La soria del sindacalismo italiano ci ha insegnato che queste forme di
lotta fanno perdere tutto il sindacato. Nel 1980, proprio davanti ai
cancelli della Fiat di Mirafiori s’é consumato una frattura che il
Sindacato ha ricomposto dopo anni. Non poteva essere la primaverile
lotta di Melfi a determinare una rivincita ventiquattro anni dopo.
La stessa Fiom ha cercato di fermare “il carro in corsa”, tentando
così di recuperare la propria dignità storica: all’assemblea
patrocinata dai Cobas ha chiesto di “togliere il blocco”.
Persone e merci dovevano essere lasciate libere di circolare.
Nemmeno la Fiom è riuscita nell’intento, perché tra mille ingiurie
l’invito è stato accolto solo in parte. Allora tutto è stato chiaro:
“il carro non voleva fermarsi”, i Cobas ne avevano preso la guida,
le forme di lotta estreme erano dirette ed organizzate da loro.
I telegiornali di quel periodo hanno più volte trasmesso un’immagine
che rappresenta il logo di quei momenti convulsi: il segretario generale
della Fiom che in una piazza assolata rivolge i suoi inviti con un
megafono costellato dagli adesivi dei Cobas.
Qual è dunque la linea del Sindacato in merito alle forme di lotta da
applicare? Il recente congresso della Fiom, svoltosi a Livorno lo scorso
giugno non lo ha chiarito né a noi, né ai metalmeccanici della Cgil.
Per quanto ci riguarda manteniamo una certezza: siamo convinti che il
modello sindacale rimanga quello concertativo e partecipativo che
include in sé il conflitto sindacale.
Ma andare oltre, uscire dalle forme di lotta classiche, quelle a tutti
note, significa scegliere la sconfitta. Presumo che gli stessi organi di
informazione non vogliano questo.
Eppure, proprio loro si sono dilettati a contare le bandiere in piazza
di quanti avevano scelto lo sciopero ad oltranza, anziché rappresentare
le motivazioni, pur presenti, di quanti avevano sostenuto forme di lotta
alternative, più ragionevoli e costruttive.
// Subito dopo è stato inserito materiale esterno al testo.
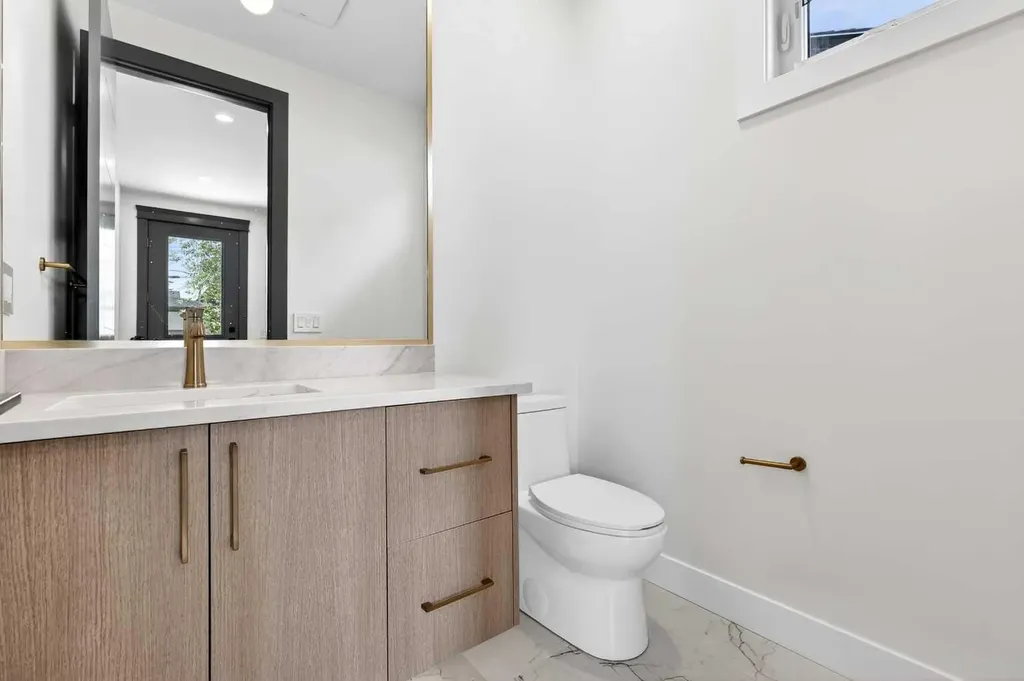 8517 48 Avenue NW Calgary AB T3B 2B1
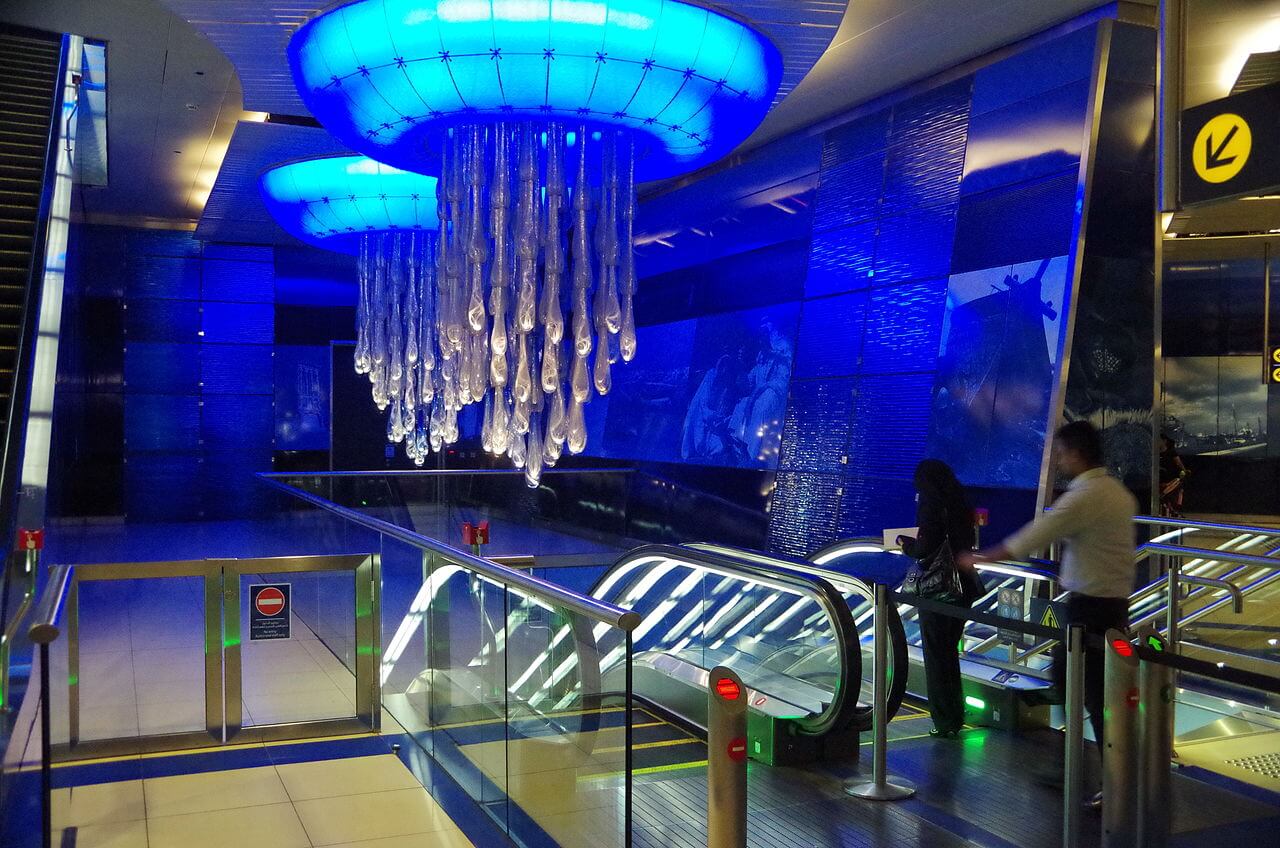 Die Metro in Dubai ist einen Besuch wert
Purtroppo, l’attenzione della maggioranza degli organi di informazione
si è soffermata quasi esclusivamente verso chi sosteneva “il
blocco”, anziché sottolineare, non dico la nostra posizione, ma
l’obiettività del contesto e del danno subito sia dai lavoratori che
dall’Azienda.
Il caso di Melfi rafforza la convinzione di chi scrive che ogni nuova
istituzione collettiva non può essere idealizzata.
Il Sindacato sta per incontrare il nuovo gruppo dirigente della Fiat. A
Luca Cordero di Montezemolo e Sergio Marchionne non potremo che chiedere
di continuare sulla strada tracciata dall’ultima presidenza Agnelli:
investire ancor di più sul prodotto, sulla ricerca, sul consolidamento
dei siti produttivi.
In questo scacchiere, Mirafiori va considerato come il nuovo perno dello
sviluppo e non “un problema sociale”.
Inoltre, la famiglia Agnelli dovrebbe consolidare ancor di più la
propria presenza nel capitale sociale del Gruppo. Ciò taciterebbe ogni
insinuazione sul ruolo di condizionamento delle banche rispetto al nuovo
“management” del Lingotto.
E magari, il Sindacato potrebbe avanzare quella vertenza integrativa che
i lavoratori della Fiat non conoscono dal lontano 1996.